À quel moment du projet faut-il penser la biodiversité ?

Le plus tôt possible. Si on attend la fin, on est déjà en train de réparer. Cela commence par le choix du terrain. Moins on aura à détruire, moins on aura d’impacts. Au contraire, on peut même « régénérer » la biodiversité. Par exemple, en réhabilitant des zones polluées, en désimperméabilisant et en recréant des habitats. Dès les premières esquisses, on peut repérer des zones à préserver. On peut penser les accès, anticiper les usages partagés entre humains et la faune locale. 

Finalement, anticiper c’est aussi pouvoir intégrer des « solutions fondées sur la nature ». ces dernières permettront, en s’appuyant sur le vivant et en en faisant son allié, de répondre à des enjeux de gestion des eaux pluviales et de limitation de risques d’inondations, de lutte contre les îlots de chaleur, et de santé et bien-être physique et mental. 

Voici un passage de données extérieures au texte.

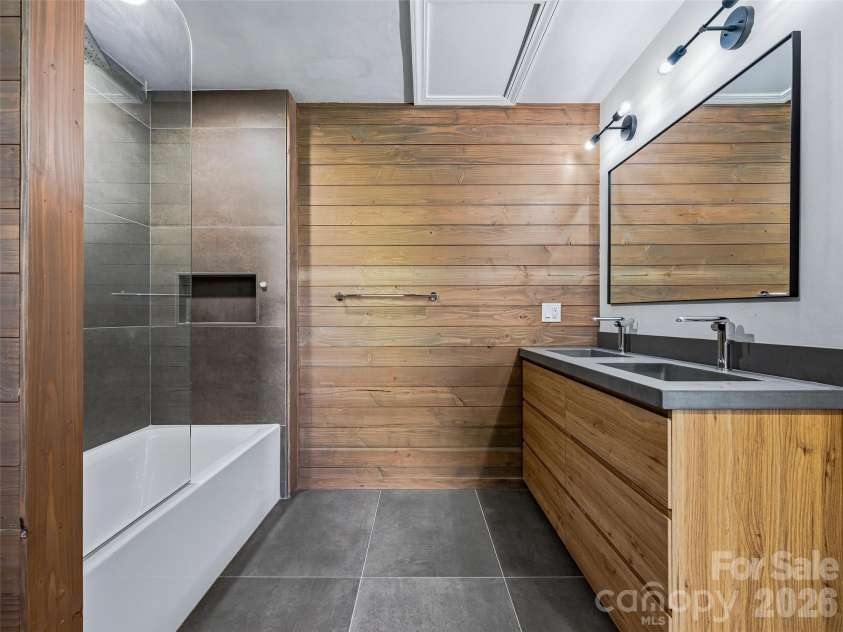 100 Big Spring Drive, Asheville, NC 28804.  MLS# CAR4375270, YatesRealty ID 25890. Primary suite 2 bathroom.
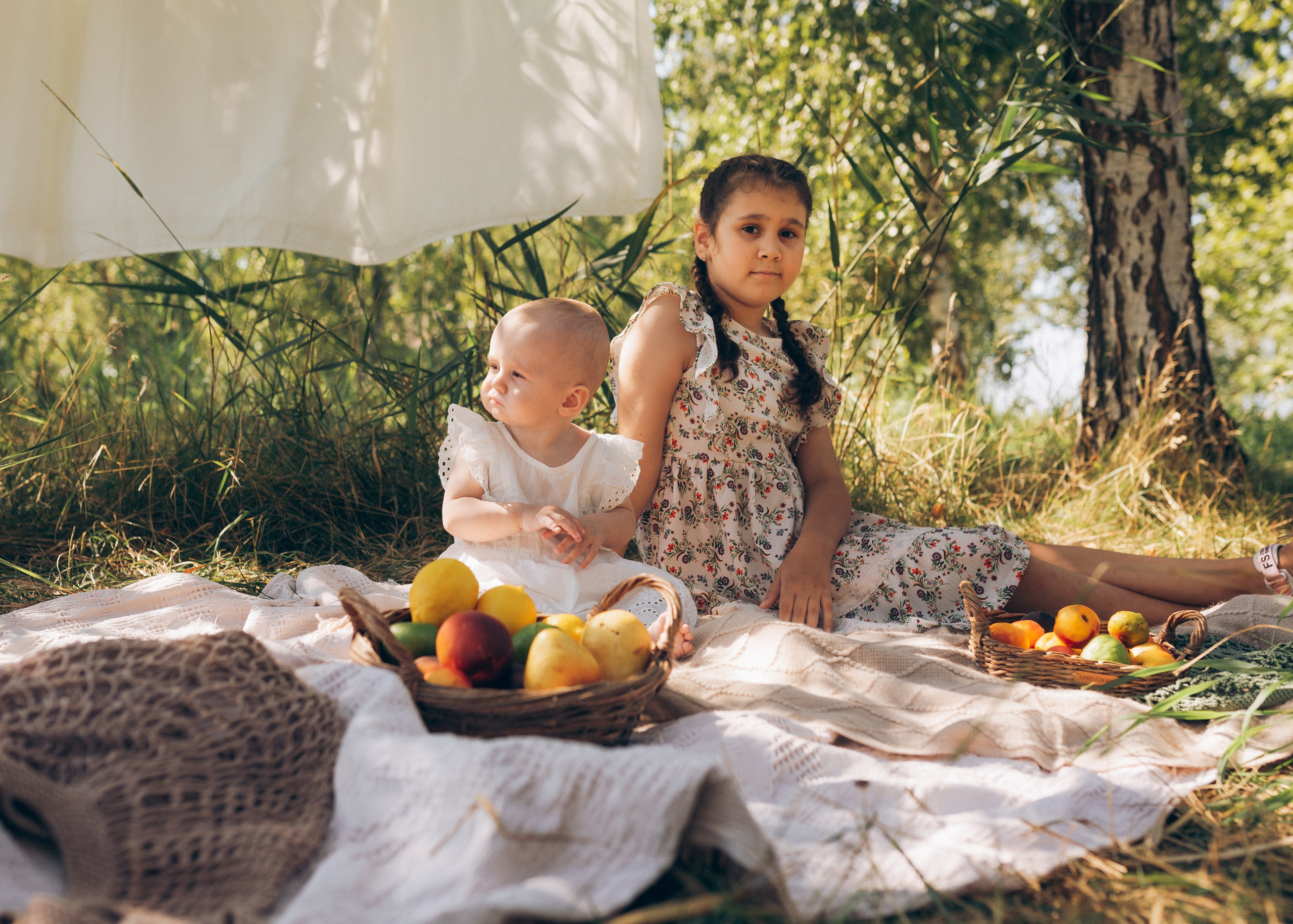 Девочки в березовой роще. Фотограф в Приморско-Ахтарске Марьяна Чопко
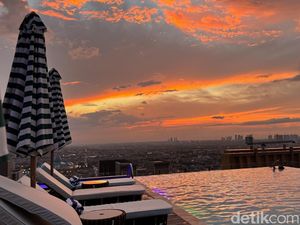 Cantiknya Senja dari 28th Sky Beach Club The Trans Luxury Hotel Surabaya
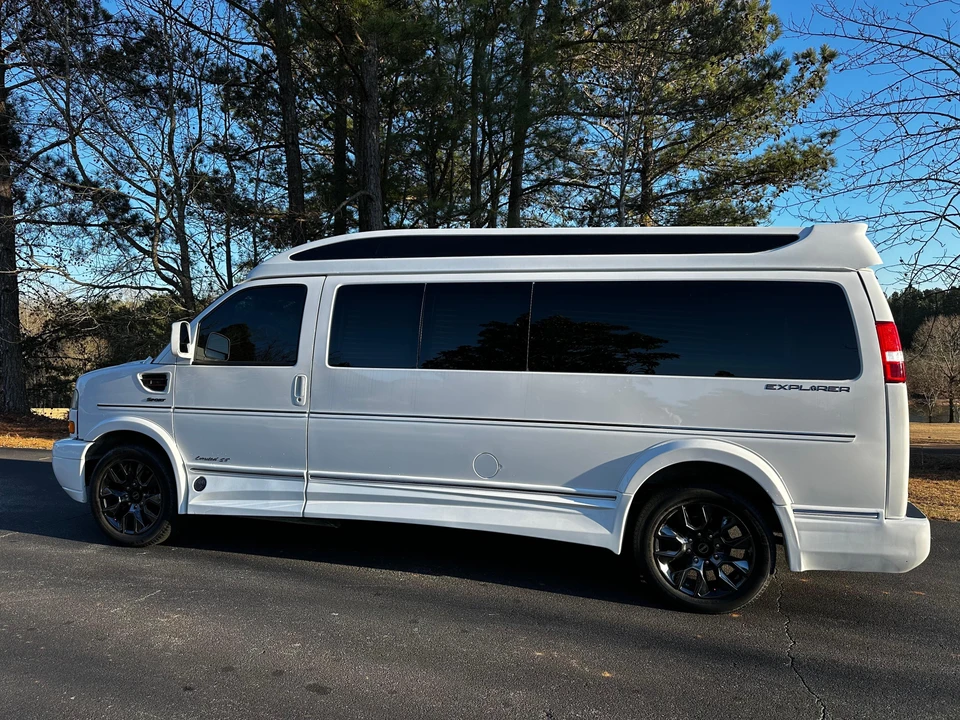 2023 GMC Savana - Image 8 of 31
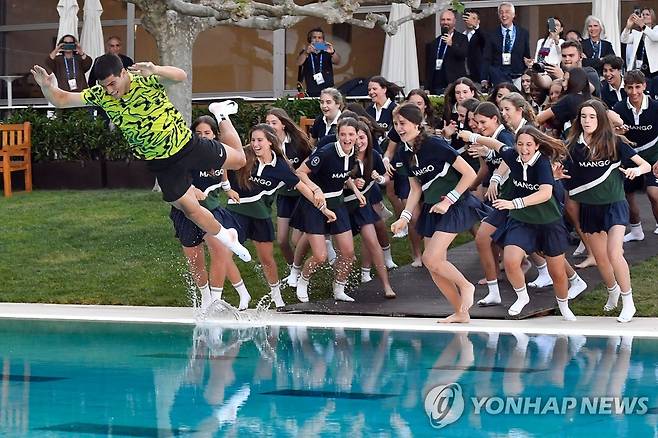 다이빙하는 알카라스(왼쪽) [AFP=연합뉴스]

Et Archireport dans tout ça ? 

Ainsi, un bon suivi de chantier, c’est aussi celui qui donne sa place au vivant. L’application Archireport pourrait documenter les zones sensibles, suivre les mesures écologiques prévues, et en garantir la traçabilité dans le temps. Une façon concrète de donner toute sa place au vivant… jusqu’au bout du chantier. 

Pour conclure penser biodiversité ce n’est donc pas une contrainte. C’est au contraire élargir son regard sur ce qu’un projet peut produire, au-delà de ses murs. En somme n’oublions pas que le vivant nous rend aussi de nombreux services. Ainsi favoriser les chauves- souris en milieu urbain, c’est lutter contre la propagation de maladies transmises par les moustiques par exemple.